К противоестественным («чрес естьство») формам супружеской и внесупружеской сексуальности относились в допетровское время не только оральный и анальный секс, но и мастурбация. В исповедных сборниках XII–XVII веков автофелляция и мужской онанизм («аще кто имет ся за срамной уд блуд творя», «блуд с собой до испущениа») были наказуемы в равной степени, что и женская мастурбация («жена в собе блуд творит») – до шестидесяти дней поста, до ста сорока ежедневных земных поклонов158. При этом покаянные сборники практически не учитывали возможность использования мастурбации как формы форшпиля в интимной жизни супругов, хотя в текстах многих из них упоминаются не только «персты», которые воспрещалось «влагати» в «срамной уд» жены, но и различные предметы, которые могли использоваться в качестве имитации фаллоса159. Мало отразилась женская мастурбация и в народном творчестве, хотя в присловьях можно найти немало примеров того, что крестьяне не видели в мужском онанизме ничего предосудительного («Сиди на месте да елду пестуй!», «Пеши ходят, в руках плеши носят» и др.)160. В то же время нередко мастурбировавшая женщина наказывалась меньшей епитимьей, нежели мужчина (всего двенадцатью днями отлучения и шестьюдесятью поклонами)161.
Безусловно наказуемой формой противоестественного секса считалось в допетровской России скотоложество (блуд со скотиною), епитимья за которое была одинаковой и для мужчин и для женщин.

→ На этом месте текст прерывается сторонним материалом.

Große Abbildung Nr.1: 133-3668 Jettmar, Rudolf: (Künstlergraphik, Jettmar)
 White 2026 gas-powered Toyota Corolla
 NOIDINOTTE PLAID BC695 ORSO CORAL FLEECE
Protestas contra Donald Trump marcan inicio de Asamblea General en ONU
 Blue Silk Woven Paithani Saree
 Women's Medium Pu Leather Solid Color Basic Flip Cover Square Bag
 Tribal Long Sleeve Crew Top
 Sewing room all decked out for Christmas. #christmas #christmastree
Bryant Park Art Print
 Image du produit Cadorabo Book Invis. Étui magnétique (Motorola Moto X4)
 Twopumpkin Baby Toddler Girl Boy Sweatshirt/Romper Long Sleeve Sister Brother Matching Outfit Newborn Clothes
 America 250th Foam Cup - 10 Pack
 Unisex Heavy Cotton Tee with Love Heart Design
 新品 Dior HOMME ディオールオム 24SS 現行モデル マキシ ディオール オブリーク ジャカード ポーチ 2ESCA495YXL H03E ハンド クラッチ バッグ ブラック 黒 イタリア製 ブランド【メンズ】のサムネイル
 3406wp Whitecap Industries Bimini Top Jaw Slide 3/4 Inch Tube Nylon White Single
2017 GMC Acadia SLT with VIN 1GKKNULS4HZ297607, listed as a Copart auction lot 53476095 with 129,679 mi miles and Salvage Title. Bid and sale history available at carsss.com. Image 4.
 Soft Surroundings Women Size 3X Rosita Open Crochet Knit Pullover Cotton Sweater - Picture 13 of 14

Переведенные аналоги византийских пенитенциарных сборников («Правила св. Василия» и тому подобное) назначали за этот грех до пятнадцати лет отлучения от причастия, по сто пятьдесят – двести ежедневных поклонов162, однако древнерусские деятели церкви считали это сексуальное прегрешение менее серьезным, чем перечисленные выше. Поэтому в нормативных памятниках, составленных собственно на Руси, за то, что «жена некая с четьвероногым скотом блуд сътворит», полагался всего лишь сорокадневный пост, а Устав князя Ярослава Владимировича (XII век) назначал и вовсе лишь двенадцатигривенный штраф в пользу митрополита163.
В источниках допетровского времени (X–XVII века) практически не упомянуто лесбиянство, хотя гомосексуальные контакты монахов и мирян никогда не выходили из поля зрения церковных дидактиков. Меньшая наказуемость женской однополой любви по сравнению с мужской была характерна и для западноевропейских пенитенциарных кодексов164. Лесбиянство не имело в Древней Руси и Московии своего наименования (мужской гомосексуализм выражался термином мужеблудие, мужеложьство), и лишь когда оно переходило в рукоблудие, считалось предосудительным. Ласки же и поцелуи между девочками составляли, как правило, обязательную часть многих народных игр, в том числе предсвадебных (например, в «жениха и невесту»), так что некоторые церковные деятели даже в случае лишения участниц этих игр «девства», назначали за это очень легкое наказание, не сравнимое с обычными случаями добрачного секса165.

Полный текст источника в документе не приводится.